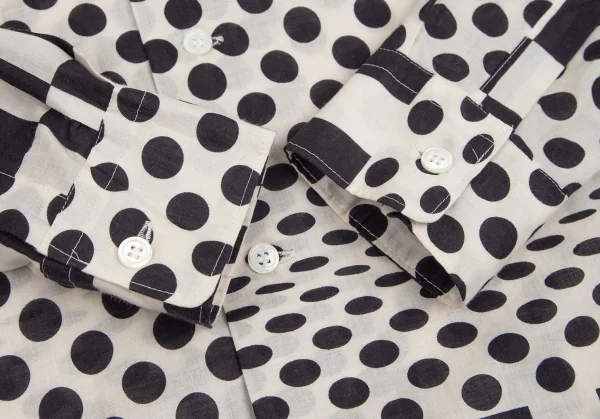 コムデギャルソンCOMME des GARCONSチェッカードットプリントラウンドカラー長袖シャツ 生成り黒M K-104061_007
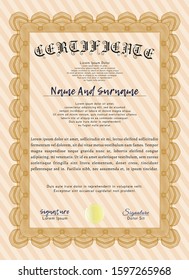 Orange Certificate of achievement. Elegant design. With complex linear background. Customizable, Easy to edit and change colors. 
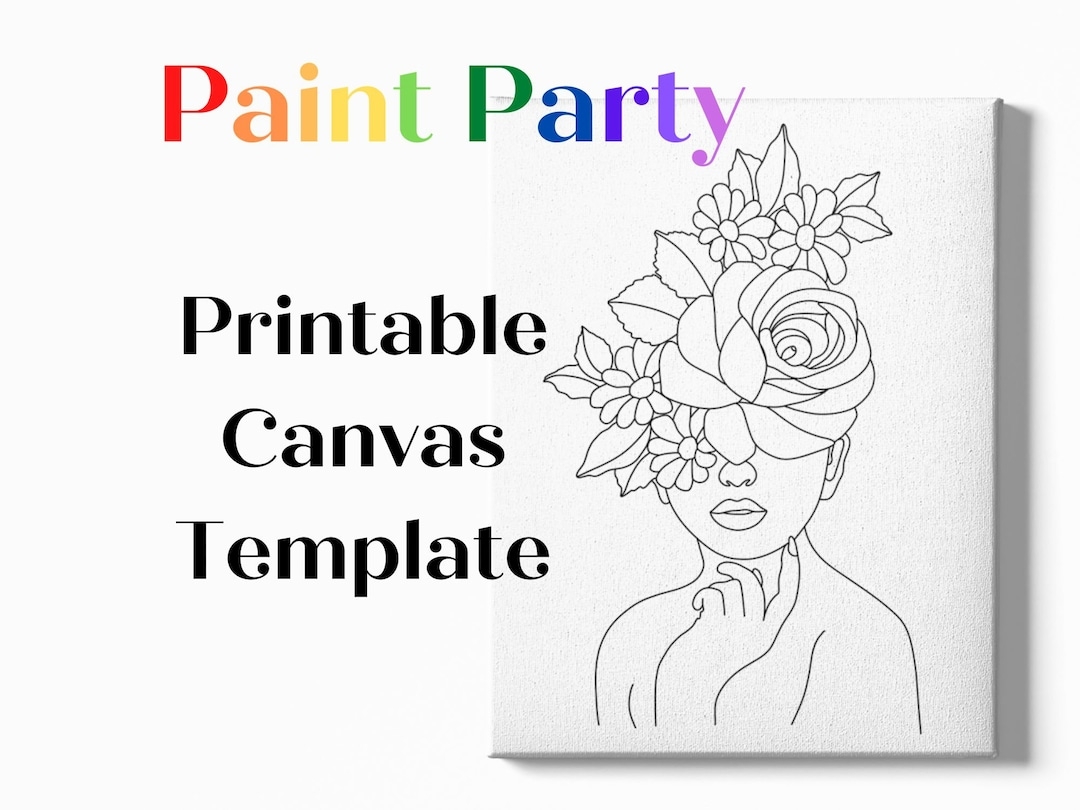 Pre drawn Canvas Stencil DIY Paint Party Template digital Download Etsy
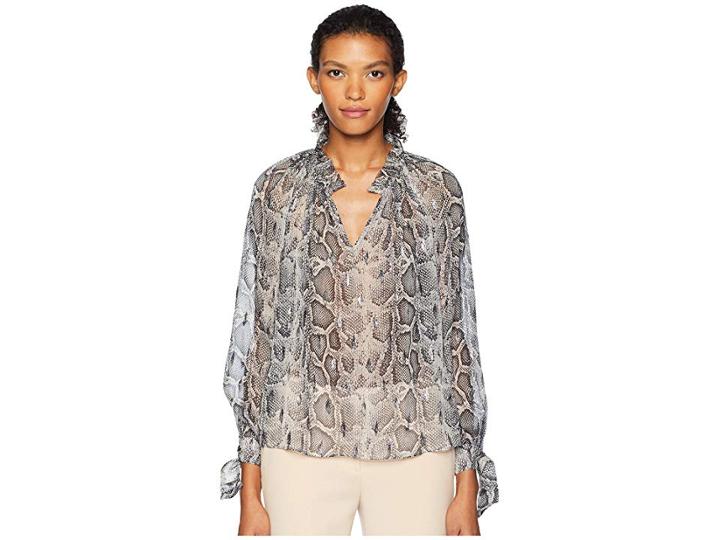 Rebecca Taylor Long Sleeve Snake Clip Top (washed Black Combo) Women's Clothing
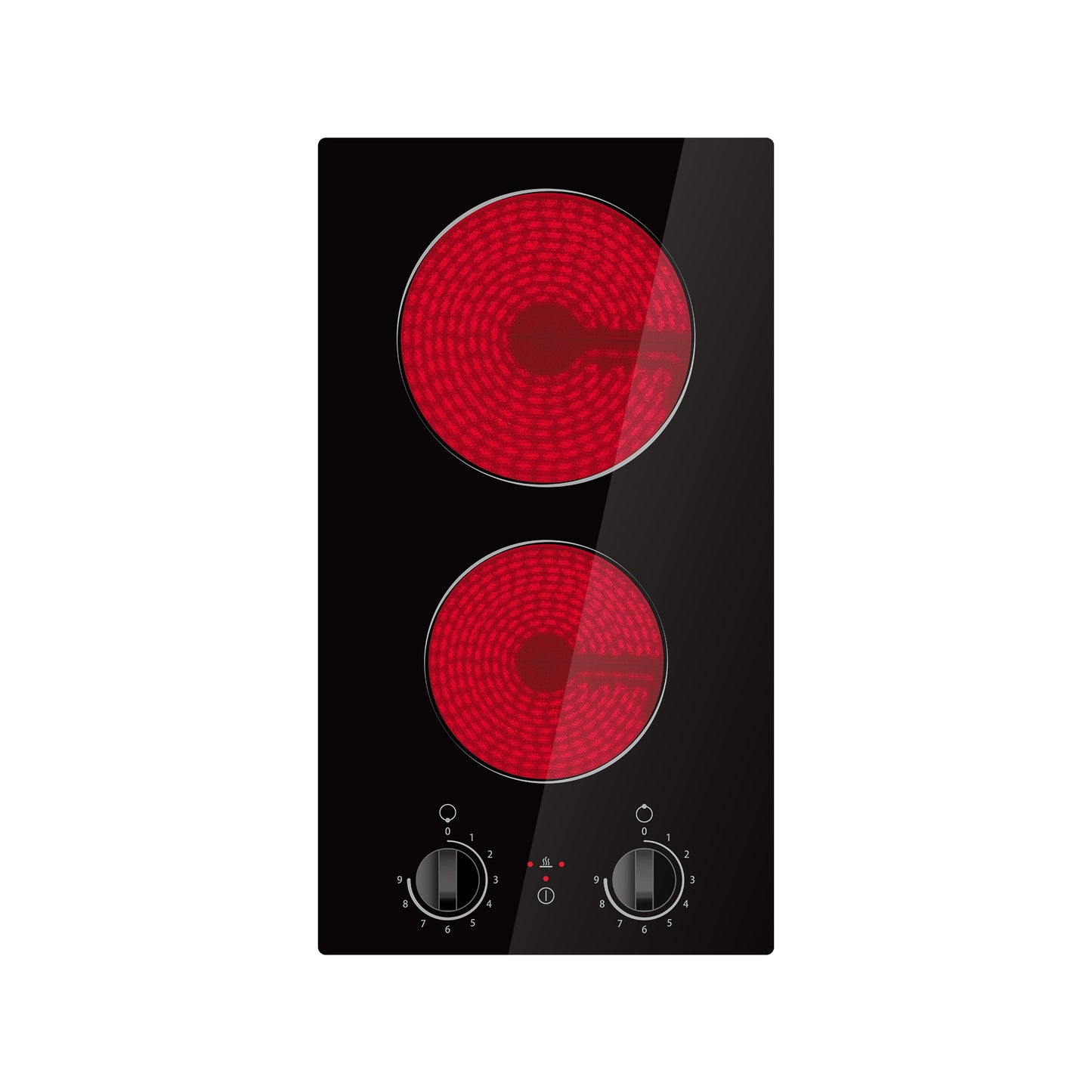 STARCHARTS Ceramic Hob, Build-in Electric Hob, Electric cooktops (2 zones Black Glass with Knob)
┄┄┄┄┄┄
ASSIGNMENT: Could you retype the whole listing word for word, minus its pictures?

PROBLEM SOLUTION:
 コムデギャルソンCOMME des GARCONSチェッカードットプリントラウンドカラー長袖シャツ 生成り黒M K-104061_007
 Orange Certificate of achievement. Elegant design. With complex linear background. Customizable, Easy to edit and change colors. 
 Pre drawn Canvas Stencil DIY Paint Party Template digital Download Etsy
 Rebecca Taylor Long Sleeve Snake Clip Top (washed Black Combo) Women's Clothing
 STARCHARTS Ceramic Hob, Build-in Electric Hob, Electric cooktops (2 zones Black Glass with Knob)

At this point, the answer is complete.